2. Chairman: The Chairman of the said Committee shall be an Independent Director. If the Chairman of the Committee is not present at a Meeting of the Committee, the Members present may elect another Independent Director to act as Chairman for that Meeting. The Chairman shall not have a casting vote on any matter in the event of any equality of votes. In such a case the matter will be presented to the board for approval.
(Source : SEBI’s Clause 49 (IV) (A))

3. Secretary: The Company Secretary shall act as Secretary to the Committee.
(Source : Audit Committee’s Charter & Secretarial Standards)
Quorum: The Quorum of Meetings of the Committee shall be a minimum of two independent members.
(Source : Audit Committee’s Charter & Secretarial Standards)
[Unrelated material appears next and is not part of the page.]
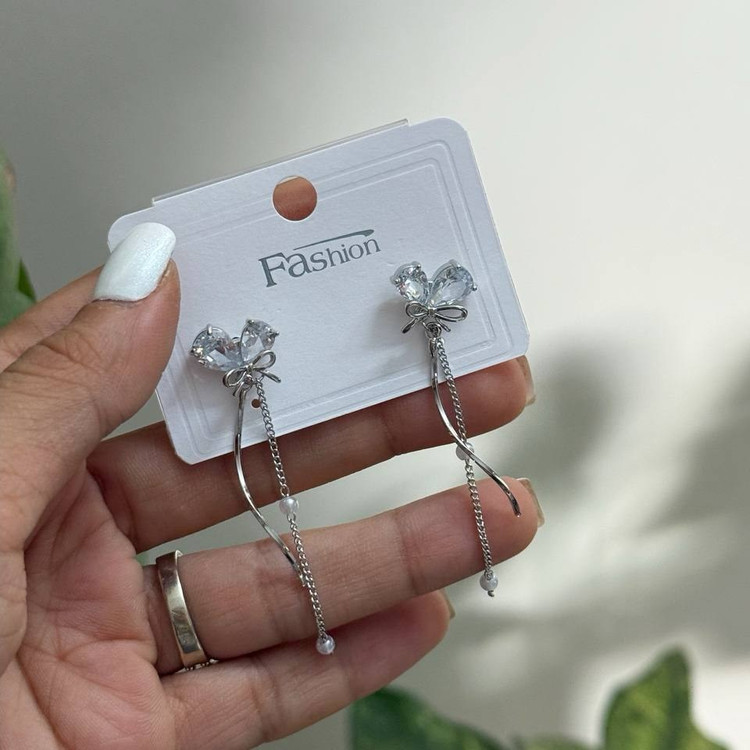 گوشواره طرح جواهری میخ نقره زنانه طرح پاپیون آویز مروارید و نگین رنگ ثابت کد sm (پس کرایه)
4. Agenda : The papers for the NRC Meeting shall be circulated to the members of the Committee by the Secretary at least 3 days in advance before the meeting.
(Source : Audit Committee’s Charter & Secretarial Standards)
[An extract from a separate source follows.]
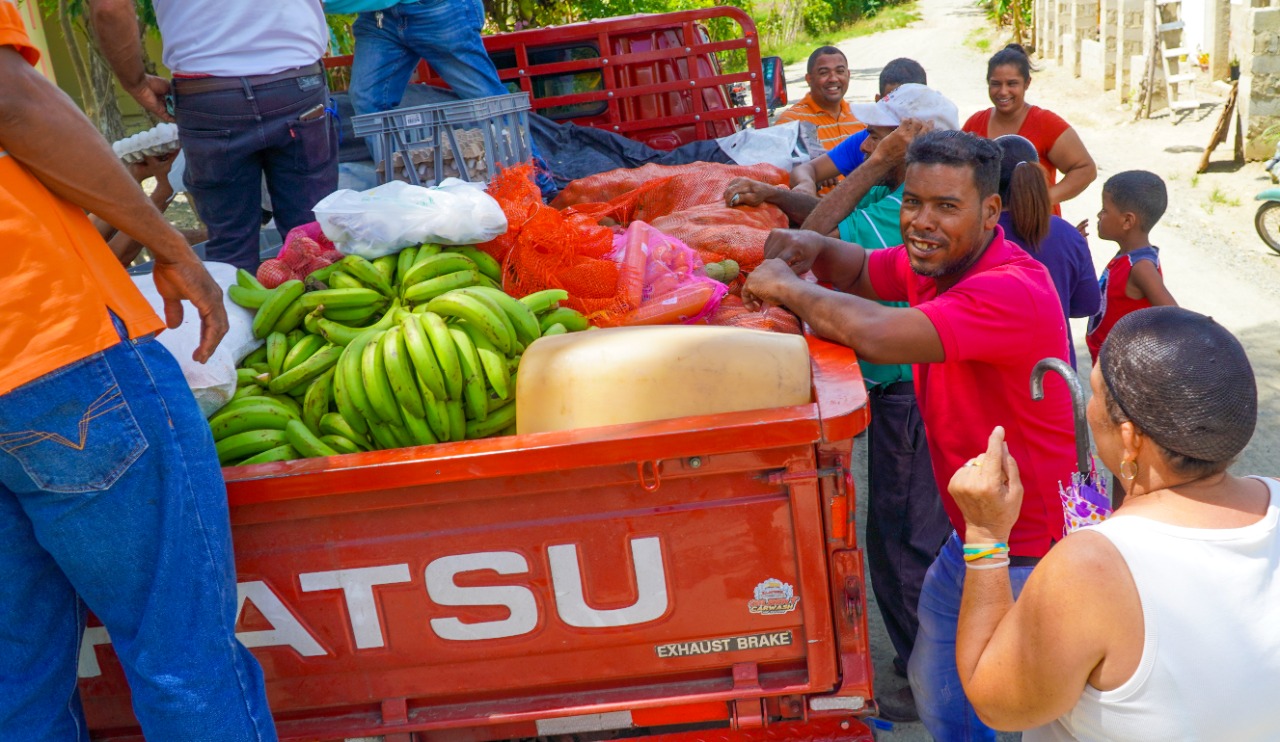 Con padres humildes y trabajando en un supermercado, así inició la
5. Frequency: A Minimum of two Meetings of the Committee shall be held in every financial year. One meeting to note the Key Performance Indicators (KPIs) set for the Managing Directors / Executive Directors and Key Managerial Personnel ensure that they are in line with the goals of the company. Second meeting after the financial year to review the performance against the Key Performance Indicators.
Additional Meetings may be held as the Chairman of the Committee or the Board shall deem appropriate as and when a need arises. The Committee may take action in lieu of a Meeting by obtaining the consent of its Members by passing Resolutions through circulation.
(Source : Companies Act, 2013)

6. Minutes: Minutes of each Committee Meeting are to be prepared by the Company Secretary and sent to all the Committee Members for approval within 15 days of the completion of the meeting. The Minutes together with the corrections or suggestions, if any, from the members of the Committee shall be recorded, in any case, not later than 30 days from the date of the meeting. The Company Secretary shall maintain minutes of all Committee Meetings for permanent records. The Minutes of the Committee shall be signed by the Chairman at the next meeting of the Committee. The Minutes of every Committee Meeting shall be placed before the Board of Directors for them to note. (Source : Secretarial Standards)
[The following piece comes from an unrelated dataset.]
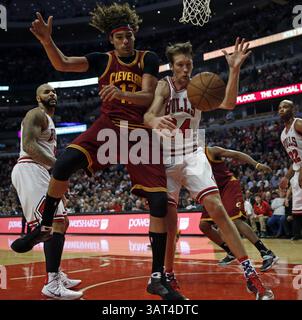 11 novembre 2013 - Chicago, il, États-Unis - Mike Dunleavy des Chicago Bulls et Anderson Varejao des Cleveland cavaliers se battent pour la balle lâche au 4e quart-temps au United Center à Chicago le lundi 11 novembre 2013. Les Bulls ont gagné, 96-81. (Crédit image : © Scott Strazzante/MCT/ZUMAPRESS.com) Banque D'Images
7. Invitees: The Chairman of the Committee may invite the Managing Director / Executive Director, or such other Executives as it may deem fit to discuss and consider the items on the agenda effectively.

 
DUTIES, RIGHTS AND RESPONSIBILITIES:
1. The Committee is authorised to review the following:
  • elements of the remuneration package i.e. salary, perquisites, retirement benefits, pension, separation compensation, and the structure of the remuneration package viz., the proportion of fixed and variable component, annual / mid-term increments, merit rewards, special payments, etc., of the Managing / Executive Director and that of the Key Managerial Personnel.
  • Changes to remuneration package, terms of appointment, notice period, severance fees, recruitment, retention and termination policies and procedures;
    (Source : Companies Act, 2013)
2. To recommend the shortlisted candidates who are qualified to become directors and who may be appointed in senior management and recommend to the Board their appointment and / or removal.
(Source : SEBI’s Clause 49 (IV) (B) (4))
3. The Committee shall review the succession plans, if any, for both executive and non-executive Directors.
4. The Committee is authorized to seek any information it requires about any employee and the management is directed to co-operate with any request made by the Committee.
5. The Committee may obtain outside legal or other independent professional advice with regard to issues pertaining to remuneration, incentives etc. Pertaining to industry practices as and when required.
6. The Chairman of the Committee could be present at the Annual General Meeting to answer shareholders’ queries.